==== WORKING DATA ====

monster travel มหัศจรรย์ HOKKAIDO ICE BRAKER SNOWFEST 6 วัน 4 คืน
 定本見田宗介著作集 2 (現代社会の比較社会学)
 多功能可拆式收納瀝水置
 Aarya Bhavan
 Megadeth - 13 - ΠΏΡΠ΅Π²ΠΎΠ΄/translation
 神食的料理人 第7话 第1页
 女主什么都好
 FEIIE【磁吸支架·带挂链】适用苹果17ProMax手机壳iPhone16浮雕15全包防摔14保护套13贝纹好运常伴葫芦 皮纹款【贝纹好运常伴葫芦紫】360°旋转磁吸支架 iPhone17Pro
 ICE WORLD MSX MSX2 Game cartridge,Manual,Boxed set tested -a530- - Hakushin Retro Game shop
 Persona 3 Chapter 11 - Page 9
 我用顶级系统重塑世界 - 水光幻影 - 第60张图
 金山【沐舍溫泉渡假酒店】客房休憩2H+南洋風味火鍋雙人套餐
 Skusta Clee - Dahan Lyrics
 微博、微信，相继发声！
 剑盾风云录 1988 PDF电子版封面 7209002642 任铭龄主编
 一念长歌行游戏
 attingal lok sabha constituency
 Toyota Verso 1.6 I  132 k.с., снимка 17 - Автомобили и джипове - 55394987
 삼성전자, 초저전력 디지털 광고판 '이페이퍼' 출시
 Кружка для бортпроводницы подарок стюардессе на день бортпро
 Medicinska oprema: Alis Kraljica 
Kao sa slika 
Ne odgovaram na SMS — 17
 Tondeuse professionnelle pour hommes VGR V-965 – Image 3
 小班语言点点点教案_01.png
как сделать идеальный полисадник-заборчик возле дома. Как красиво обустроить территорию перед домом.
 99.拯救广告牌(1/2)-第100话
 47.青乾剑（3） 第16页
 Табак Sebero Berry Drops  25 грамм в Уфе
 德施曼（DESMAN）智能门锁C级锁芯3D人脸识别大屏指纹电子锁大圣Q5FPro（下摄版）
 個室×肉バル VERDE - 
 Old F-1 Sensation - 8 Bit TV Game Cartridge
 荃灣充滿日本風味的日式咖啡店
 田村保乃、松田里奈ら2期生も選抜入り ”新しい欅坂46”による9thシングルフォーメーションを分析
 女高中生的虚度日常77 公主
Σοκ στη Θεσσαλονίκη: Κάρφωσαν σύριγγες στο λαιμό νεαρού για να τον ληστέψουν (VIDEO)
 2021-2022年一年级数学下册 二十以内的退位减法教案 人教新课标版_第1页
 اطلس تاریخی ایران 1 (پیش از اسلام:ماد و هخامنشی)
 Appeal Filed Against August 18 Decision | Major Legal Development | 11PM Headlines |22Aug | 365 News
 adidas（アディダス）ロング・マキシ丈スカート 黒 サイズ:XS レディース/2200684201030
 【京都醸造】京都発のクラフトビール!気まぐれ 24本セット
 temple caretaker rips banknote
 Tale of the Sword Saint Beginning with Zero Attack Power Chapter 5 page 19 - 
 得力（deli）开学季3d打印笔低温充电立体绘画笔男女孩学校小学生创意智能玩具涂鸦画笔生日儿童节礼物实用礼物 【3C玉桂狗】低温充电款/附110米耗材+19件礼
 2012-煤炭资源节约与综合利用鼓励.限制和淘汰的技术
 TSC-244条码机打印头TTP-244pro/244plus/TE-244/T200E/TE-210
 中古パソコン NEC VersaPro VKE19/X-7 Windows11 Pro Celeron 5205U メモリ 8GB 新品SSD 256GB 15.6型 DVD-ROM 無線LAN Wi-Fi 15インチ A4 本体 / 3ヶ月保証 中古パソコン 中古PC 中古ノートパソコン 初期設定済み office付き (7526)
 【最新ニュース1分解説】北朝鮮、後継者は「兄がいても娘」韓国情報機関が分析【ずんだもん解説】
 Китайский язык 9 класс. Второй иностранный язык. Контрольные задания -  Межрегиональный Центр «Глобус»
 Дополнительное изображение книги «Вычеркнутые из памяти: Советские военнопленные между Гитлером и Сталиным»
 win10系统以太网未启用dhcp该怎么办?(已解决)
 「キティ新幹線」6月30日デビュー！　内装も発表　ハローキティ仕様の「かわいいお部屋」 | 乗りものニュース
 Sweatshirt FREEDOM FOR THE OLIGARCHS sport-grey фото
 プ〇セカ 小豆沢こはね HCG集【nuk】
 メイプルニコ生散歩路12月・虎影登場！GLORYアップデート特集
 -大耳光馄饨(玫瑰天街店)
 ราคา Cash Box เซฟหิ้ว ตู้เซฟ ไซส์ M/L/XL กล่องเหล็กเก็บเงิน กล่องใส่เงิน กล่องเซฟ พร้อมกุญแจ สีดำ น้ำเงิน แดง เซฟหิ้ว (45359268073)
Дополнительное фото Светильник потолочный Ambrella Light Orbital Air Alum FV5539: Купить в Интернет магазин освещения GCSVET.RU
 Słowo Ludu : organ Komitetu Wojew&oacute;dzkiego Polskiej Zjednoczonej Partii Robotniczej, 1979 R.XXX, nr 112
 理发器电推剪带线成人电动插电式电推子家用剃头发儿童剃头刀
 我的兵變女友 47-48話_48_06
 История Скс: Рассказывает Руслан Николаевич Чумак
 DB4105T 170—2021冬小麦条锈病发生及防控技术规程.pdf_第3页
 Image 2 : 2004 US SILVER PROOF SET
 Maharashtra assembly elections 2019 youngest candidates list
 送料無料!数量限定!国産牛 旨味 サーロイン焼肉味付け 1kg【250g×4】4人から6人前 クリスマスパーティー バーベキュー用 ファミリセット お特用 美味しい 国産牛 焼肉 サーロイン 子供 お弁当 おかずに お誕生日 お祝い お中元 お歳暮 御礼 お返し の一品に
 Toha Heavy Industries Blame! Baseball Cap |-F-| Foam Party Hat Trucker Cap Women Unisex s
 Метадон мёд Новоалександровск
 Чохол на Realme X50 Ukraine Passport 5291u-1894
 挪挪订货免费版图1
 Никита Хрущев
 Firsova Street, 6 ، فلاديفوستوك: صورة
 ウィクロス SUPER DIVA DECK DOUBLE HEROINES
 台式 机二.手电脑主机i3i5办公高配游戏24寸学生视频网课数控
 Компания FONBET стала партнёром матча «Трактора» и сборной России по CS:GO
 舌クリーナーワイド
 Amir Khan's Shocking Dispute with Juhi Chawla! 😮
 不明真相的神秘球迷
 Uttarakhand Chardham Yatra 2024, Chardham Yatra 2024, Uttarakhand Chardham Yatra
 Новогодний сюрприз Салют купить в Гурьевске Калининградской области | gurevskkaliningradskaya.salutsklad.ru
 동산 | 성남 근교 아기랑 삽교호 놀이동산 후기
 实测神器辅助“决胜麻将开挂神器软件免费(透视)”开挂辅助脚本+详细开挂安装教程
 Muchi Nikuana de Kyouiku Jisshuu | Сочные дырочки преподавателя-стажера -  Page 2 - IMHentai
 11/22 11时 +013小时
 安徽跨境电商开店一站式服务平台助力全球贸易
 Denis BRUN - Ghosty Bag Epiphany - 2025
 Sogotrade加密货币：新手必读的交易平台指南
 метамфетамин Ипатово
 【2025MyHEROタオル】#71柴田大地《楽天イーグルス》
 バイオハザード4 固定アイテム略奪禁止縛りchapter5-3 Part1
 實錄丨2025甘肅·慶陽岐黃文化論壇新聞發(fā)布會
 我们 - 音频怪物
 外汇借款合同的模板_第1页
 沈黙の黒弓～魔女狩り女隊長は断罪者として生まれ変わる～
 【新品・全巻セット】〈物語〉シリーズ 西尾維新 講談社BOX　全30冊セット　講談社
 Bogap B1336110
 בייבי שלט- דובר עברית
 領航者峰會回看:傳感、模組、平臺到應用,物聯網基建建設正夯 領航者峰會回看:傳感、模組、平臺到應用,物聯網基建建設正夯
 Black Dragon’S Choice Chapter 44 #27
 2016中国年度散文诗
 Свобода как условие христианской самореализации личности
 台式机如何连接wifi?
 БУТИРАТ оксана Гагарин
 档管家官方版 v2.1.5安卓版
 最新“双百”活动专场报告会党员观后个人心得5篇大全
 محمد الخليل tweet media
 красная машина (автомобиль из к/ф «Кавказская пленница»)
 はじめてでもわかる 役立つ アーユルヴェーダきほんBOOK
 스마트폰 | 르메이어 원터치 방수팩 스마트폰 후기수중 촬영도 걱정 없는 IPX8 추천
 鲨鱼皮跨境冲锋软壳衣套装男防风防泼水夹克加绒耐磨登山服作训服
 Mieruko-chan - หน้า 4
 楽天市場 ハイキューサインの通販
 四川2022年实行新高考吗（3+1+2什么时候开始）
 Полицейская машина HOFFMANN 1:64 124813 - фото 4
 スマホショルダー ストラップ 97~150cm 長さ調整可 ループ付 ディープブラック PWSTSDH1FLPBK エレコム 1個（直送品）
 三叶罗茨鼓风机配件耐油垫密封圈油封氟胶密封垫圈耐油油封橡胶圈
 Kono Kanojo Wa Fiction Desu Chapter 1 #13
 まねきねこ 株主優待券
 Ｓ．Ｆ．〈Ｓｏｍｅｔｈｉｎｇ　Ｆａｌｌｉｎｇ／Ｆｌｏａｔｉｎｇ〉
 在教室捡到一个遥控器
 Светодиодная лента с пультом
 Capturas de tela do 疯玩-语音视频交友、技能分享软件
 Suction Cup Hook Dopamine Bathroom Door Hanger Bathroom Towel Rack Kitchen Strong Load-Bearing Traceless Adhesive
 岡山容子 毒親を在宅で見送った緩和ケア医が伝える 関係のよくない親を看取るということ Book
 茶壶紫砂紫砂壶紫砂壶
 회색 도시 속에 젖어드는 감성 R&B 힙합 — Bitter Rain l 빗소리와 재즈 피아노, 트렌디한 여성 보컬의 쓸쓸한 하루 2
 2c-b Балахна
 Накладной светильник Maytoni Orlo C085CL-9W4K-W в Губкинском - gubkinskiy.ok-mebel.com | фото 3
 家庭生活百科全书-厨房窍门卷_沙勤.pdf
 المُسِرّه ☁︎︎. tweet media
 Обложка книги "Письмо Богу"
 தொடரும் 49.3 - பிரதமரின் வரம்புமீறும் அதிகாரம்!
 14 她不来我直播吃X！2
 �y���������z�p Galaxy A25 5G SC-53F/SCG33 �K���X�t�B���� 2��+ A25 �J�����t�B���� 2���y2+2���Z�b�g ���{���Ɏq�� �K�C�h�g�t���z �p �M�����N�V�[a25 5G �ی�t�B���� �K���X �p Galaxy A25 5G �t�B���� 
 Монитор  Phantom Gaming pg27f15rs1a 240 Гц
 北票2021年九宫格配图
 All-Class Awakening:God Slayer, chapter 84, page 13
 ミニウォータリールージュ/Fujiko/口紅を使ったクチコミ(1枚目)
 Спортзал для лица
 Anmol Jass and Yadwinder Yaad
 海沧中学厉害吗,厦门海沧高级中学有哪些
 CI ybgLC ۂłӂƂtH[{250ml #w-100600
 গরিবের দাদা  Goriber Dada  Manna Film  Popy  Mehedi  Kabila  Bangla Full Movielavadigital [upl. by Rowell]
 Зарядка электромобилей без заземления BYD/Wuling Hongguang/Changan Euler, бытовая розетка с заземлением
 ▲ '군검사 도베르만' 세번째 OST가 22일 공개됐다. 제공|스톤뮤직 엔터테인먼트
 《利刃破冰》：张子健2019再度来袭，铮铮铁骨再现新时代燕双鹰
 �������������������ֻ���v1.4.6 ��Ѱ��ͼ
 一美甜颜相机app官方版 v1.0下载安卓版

====

◆ TASK PROMPT ◆
Look through the data above. Find each line with the string "Image" and copy it.

◆ SOLUTION FOR THIS PROBLEM ◆
 Tondeuse professionnelle pour hommes VGR V-965 – Image 3
 Image 2 : 2004 US SILVER PROOF SET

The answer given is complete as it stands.